更有一些很现代,比如“鱼藻洞”:“《南康记》 曰:鱼朝恩有洞房,四壁夹安琉璃板,中贮江水及萍藻、诸色虾,号‘鱼藻洞’。”不管写实还是想象,这是一个现代意味的海洋馆。“乐音泉”,则类似于今之音乐喷泉,却非人工,而是得自天然:“《玄山记》 曰:强村有水方寸许。人欲取之,唱 《浪淘沙》 一曲,即得一杯,味大甘冷,村人因名曰‘乐音泉’。”一则“为花止痛”,近似环保故事而更多温存,“《芳贤传》 曰:郭文在山,闻有石榴、杨梅等花为樵牧所伤,殆甚。文卖簪酤酒,以浇花树。人问之,曰:‘为二子洗疮止痛。’”
又有不少“文艺”段子,比如“语生牡丹”:“《邺郡名录》:宋旻语常带华藻。李孺安曰:时方三月,坐间生无数牡丹花矣。”“五色齿牙”:“《止戈集》 曰:孔戣好术艺,延接方士,多所传授,能口中现五色齿牙,彩色光绚,一瞬即改。”真有点儿像是川剧中的“变脸”。又“诗肠鼓吹”:“《高隐外书》 曰:戴颙春日携双柑斗酒,人问何之,曰:往听黄鹂声,此俗耳砭针、诗肠鼓吹,汝知之乎?”每一则纪事里的主人公或实有,或托名,都可以不考虑,只看它寥寥数语写出很有意思的故事也就足矣。
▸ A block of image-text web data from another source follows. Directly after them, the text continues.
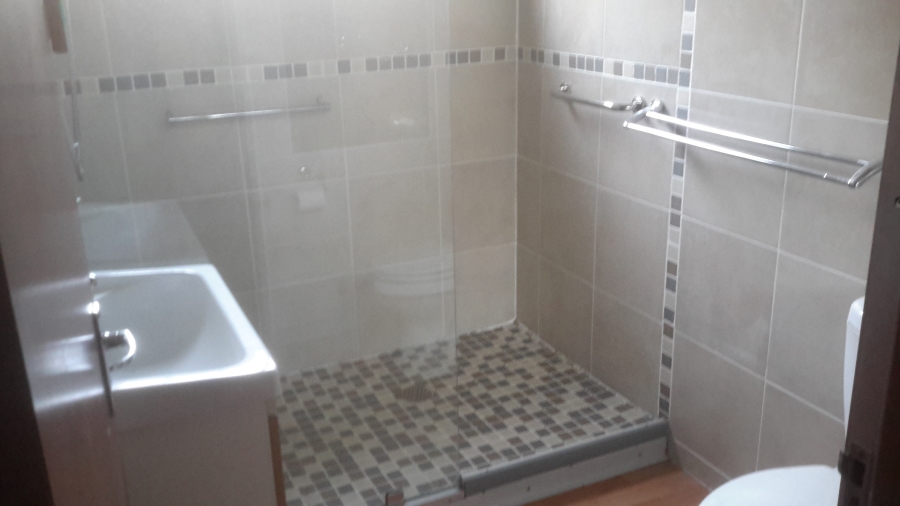 2 Bedroom Property for Sale in Inchanga KwaZulu-Natal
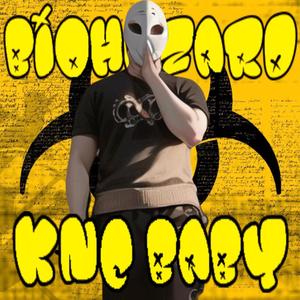 Biohazard (Explicit)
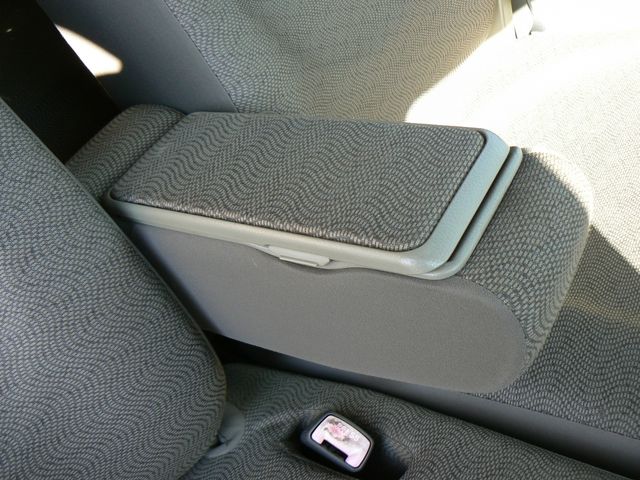 DAIHATSU TANTO 2009 Image 31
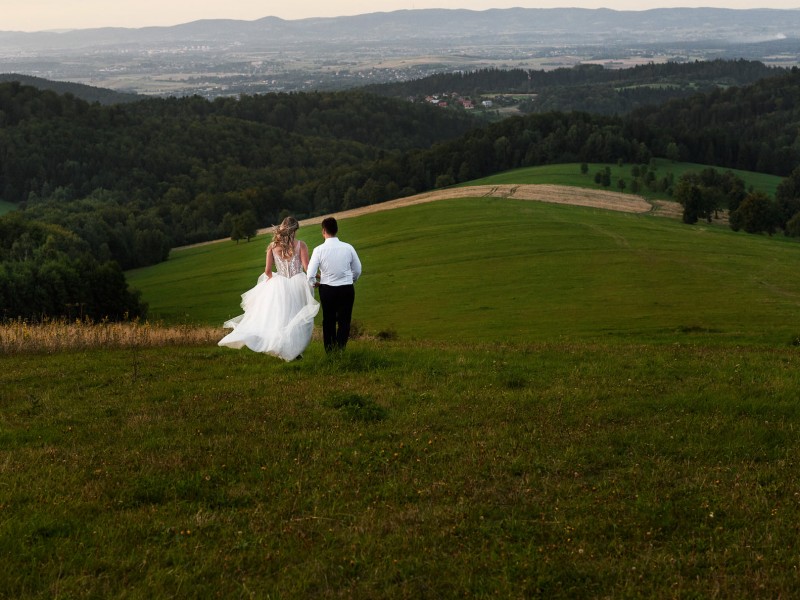 iwona-borek-fotografia zdjęcie prezentacji gdzie wesele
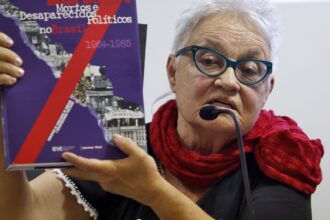 morre-a-ativista-politica-e-feminista-amelinha-teles,-aos-81-anos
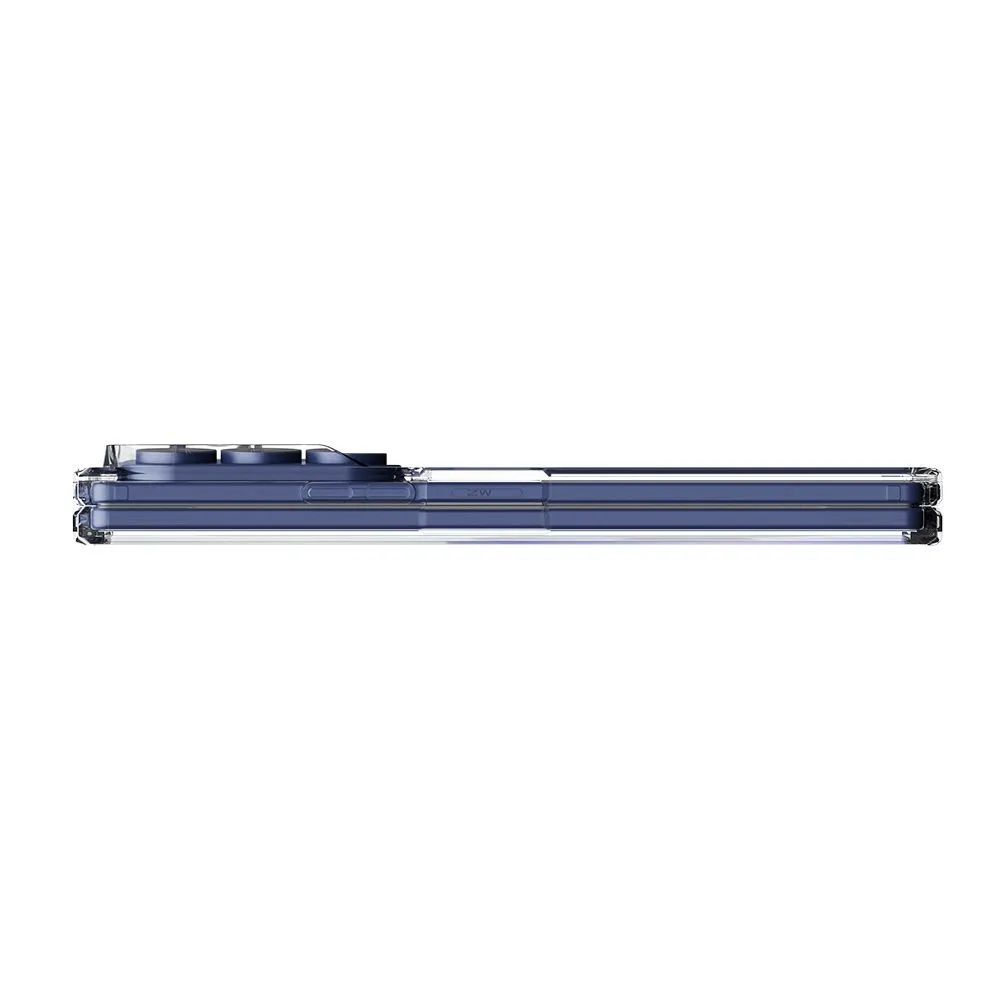 Cellularline IMPACTCGALZFOLD8T INT 3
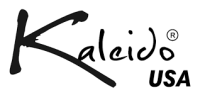 Kaleido Roasters USA discount code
还有一类只是觉得好玩,即所谓“有意味的没意思”,比如“白羊妆点”:“《穷幽记》 曰:午桥庄小儿坡茂草盈里,晋公每使数群白羊散于坡上,曰:芳草多情,赖此妆点也。”又“百花狮子”:“《曲江春宴录》 曰:曲江贵家游赏,则剪百花装成狮子,互相送遗。狮子有小连环,欲送,则以蜀锦流苏牵之,唱曰:春光且莫去,留与醉人看。”
全书粗分也可别作几大类,如饮食,妆饰,艺文,香事,禽鸟花木,文房器用,岁节风俗,奇闻异事等等,而诚如作者自言,所录多与寻常记述者趣味不同,且因后世引用者不多,今天读来更有一种尘封多年而开启的新鲜。稍微扩大一点儿说,由这里载录的诸般细事,似可窥见文人时代到来之前,时风转变之端倪。
我手边的这一本是中华书局的“古小说丛刊”之一,点校者张力伟,考证详审的前言写于1986年,初版日期1998年。